Dedicata tanta attenzione nel corso delle pagine alla natia Lombardia, certo, ma la geografia arbasiniana non conosce confini, conosce solo atmosfera e stati d’animo, architetture e interni, festival e ricevimenti… i sempreverdi Cortina e Forte dei Marmi e Portovenere e Santa Margherita, Cannes (dove intervista Simenon) e Davos… e poi il Sud America, Buenos Aires, Rio, Montevideo, «fra neoclassicismi e storicismi poliedrici e versatili e larghe avenidas intitolate a date storiche, per lo più in maggio e luglio, fino alle nuove sfilate dei condomini di lusso, più aggiornati e recenti. Tipiche “Torri Littorie” come a Genova, con fianchi curvilinei. Banche perfettamente palladiane del Trenta. Cupole e cupolette assolutamente eclettiche, torrette, pinnacoletti, altane, loggiati, bovindi. Beaux Arts e Torri Velasche, Cordusi e Coppedè e Càriplo, stucchi e rilievi e festoni e telamoni e cariatidi ove ogni ornamento è volutamente delittuoso, nonché voluttuario e quindi voluttuoso, ma se non ci fosse sarebbe comunque peggio». Ma anche Londra, l’Asia, Parigi, poi, dove va a cercare la tomba di Proust – «E però, come si potrebbe fare del sainte-beauvismo attendibile sulla vita e l’opera di Proust, senza frequentare a lungo le duchesse, e senza prenderlo altrettanto a lungo nel sedere?».

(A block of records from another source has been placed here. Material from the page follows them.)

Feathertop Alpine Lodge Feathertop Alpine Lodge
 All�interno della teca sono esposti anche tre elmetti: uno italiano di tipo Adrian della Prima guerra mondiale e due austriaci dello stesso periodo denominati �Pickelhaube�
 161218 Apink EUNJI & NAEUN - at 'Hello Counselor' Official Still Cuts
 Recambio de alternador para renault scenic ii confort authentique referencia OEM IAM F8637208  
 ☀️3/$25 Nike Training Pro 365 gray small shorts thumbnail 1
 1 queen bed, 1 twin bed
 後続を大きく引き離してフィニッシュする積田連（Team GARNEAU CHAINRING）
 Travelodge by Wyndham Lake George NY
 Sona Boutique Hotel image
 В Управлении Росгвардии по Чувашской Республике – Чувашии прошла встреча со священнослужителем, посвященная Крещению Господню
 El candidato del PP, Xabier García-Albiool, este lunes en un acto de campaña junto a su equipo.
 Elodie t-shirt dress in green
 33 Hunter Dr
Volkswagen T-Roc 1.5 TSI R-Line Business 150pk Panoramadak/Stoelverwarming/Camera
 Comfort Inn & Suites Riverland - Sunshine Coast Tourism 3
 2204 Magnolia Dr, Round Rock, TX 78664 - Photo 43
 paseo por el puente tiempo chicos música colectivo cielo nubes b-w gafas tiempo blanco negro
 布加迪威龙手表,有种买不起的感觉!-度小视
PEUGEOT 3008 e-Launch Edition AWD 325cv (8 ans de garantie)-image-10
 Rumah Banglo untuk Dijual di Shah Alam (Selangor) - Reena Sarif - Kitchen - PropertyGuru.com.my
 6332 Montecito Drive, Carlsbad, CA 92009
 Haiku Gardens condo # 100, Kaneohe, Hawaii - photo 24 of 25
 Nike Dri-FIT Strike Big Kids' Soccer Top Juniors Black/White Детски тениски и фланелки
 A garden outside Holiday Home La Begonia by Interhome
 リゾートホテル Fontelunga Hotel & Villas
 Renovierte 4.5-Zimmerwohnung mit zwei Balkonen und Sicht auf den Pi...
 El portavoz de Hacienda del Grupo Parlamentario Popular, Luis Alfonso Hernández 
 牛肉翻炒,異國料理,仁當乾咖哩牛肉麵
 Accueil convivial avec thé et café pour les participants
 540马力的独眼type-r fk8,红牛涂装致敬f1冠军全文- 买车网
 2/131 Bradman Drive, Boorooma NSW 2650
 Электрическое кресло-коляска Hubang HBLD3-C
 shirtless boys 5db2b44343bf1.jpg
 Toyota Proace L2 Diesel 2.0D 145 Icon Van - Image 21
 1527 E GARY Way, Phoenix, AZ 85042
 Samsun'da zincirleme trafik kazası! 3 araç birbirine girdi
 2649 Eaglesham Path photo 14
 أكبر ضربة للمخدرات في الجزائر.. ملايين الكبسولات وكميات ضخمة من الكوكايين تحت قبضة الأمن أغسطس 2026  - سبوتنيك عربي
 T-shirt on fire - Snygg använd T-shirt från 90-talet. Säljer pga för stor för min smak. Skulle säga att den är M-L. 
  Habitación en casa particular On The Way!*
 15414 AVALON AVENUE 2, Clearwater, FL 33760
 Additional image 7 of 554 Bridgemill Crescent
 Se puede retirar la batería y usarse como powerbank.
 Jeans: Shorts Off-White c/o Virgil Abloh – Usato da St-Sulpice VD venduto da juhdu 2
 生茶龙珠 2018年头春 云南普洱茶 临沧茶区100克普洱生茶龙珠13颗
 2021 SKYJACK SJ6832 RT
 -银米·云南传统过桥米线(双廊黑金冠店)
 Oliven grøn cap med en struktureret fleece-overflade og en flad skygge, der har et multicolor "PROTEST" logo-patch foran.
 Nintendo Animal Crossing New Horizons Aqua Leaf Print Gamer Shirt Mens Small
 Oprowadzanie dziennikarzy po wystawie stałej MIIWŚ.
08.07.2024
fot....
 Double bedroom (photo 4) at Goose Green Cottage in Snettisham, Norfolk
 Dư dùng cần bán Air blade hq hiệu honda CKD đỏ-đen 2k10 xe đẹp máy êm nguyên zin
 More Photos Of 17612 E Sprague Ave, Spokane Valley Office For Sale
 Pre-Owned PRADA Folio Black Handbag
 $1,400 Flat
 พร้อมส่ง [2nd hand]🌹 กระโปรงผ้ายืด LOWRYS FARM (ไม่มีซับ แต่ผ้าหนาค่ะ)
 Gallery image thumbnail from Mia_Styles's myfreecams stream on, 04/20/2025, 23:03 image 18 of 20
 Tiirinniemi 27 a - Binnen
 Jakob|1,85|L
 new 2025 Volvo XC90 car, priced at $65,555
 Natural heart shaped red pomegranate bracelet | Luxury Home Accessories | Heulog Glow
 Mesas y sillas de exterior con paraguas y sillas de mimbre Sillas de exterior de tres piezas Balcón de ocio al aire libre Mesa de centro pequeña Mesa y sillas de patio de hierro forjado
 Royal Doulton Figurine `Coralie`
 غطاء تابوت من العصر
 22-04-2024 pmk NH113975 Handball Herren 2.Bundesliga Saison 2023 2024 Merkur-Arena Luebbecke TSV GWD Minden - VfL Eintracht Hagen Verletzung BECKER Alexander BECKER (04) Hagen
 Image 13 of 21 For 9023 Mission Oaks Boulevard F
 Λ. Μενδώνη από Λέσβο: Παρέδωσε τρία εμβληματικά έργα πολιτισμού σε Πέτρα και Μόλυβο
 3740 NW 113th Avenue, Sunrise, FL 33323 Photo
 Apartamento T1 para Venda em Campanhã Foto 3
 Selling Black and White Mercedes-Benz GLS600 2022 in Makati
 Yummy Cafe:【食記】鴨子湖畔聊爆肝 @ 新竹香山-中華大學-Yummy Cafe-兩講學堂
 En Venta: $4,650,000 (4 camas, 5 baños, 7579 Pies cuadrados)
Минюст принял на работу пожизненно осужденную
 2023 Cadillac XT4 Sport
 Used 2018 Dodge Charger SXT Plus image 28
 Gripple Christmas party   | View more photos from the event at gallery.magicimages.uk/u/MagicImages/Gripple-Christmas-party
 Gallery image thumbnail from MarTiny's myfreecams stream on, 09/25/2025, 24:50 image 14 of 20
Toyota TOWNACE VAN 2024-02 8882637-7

Più si vede il mondo più si diventa curiosi.

E infatti c’è tutto tutto e nei minimi dettagli irriverenti e da intenditore, archeologia, expertise antiquaria, gli occhi si fermano sulle genealogie, sui tendaggi, sulle tovaglie, sulle marche di accendini e sui nomi dei ristoranti e degli hotel, sui corpi vacanzieri al sole, sulle frasi, dette dalle casalinghe e dalle marchese e da personaggi inventati, paradigmatici (ma mai stereotipi) e dagli scrittori amici. «Le citazioni sostituiscono l’intreccio o l’avventura del romanzo tradizionale: sono altre avventure verso altri mondi, noti o meno noti o ignoti», scrive Raffaele Manica, che ne ha curato i Meridiani.

In fondo, si può dire, che nonostante l’attenzione per le cravatte, e quest’immagine di gran signore chic, che con la sua MG rossa decapottabile andava a prendere Gadda a casa a Monte Mario, e nonostante conservatorismo e innovazione, amicizie, epigoni e libertà, Arbasino rimarrà nel canone per la sua bravura d’occhio e di lingua.

«Sento dire spesso di questi tempi che sarei uno scrittore barocco, ma la definizione non mi soddisfa. Mi considero piuttosto uno scrittore espressionista. L’espressionismo non rifugge dall’effetto violentemente sgradevole, mentre invece il barocco lo fa. L’espressionismo tira dei tremendi vaffanculo, il barocco no. Il barocco è beneducato».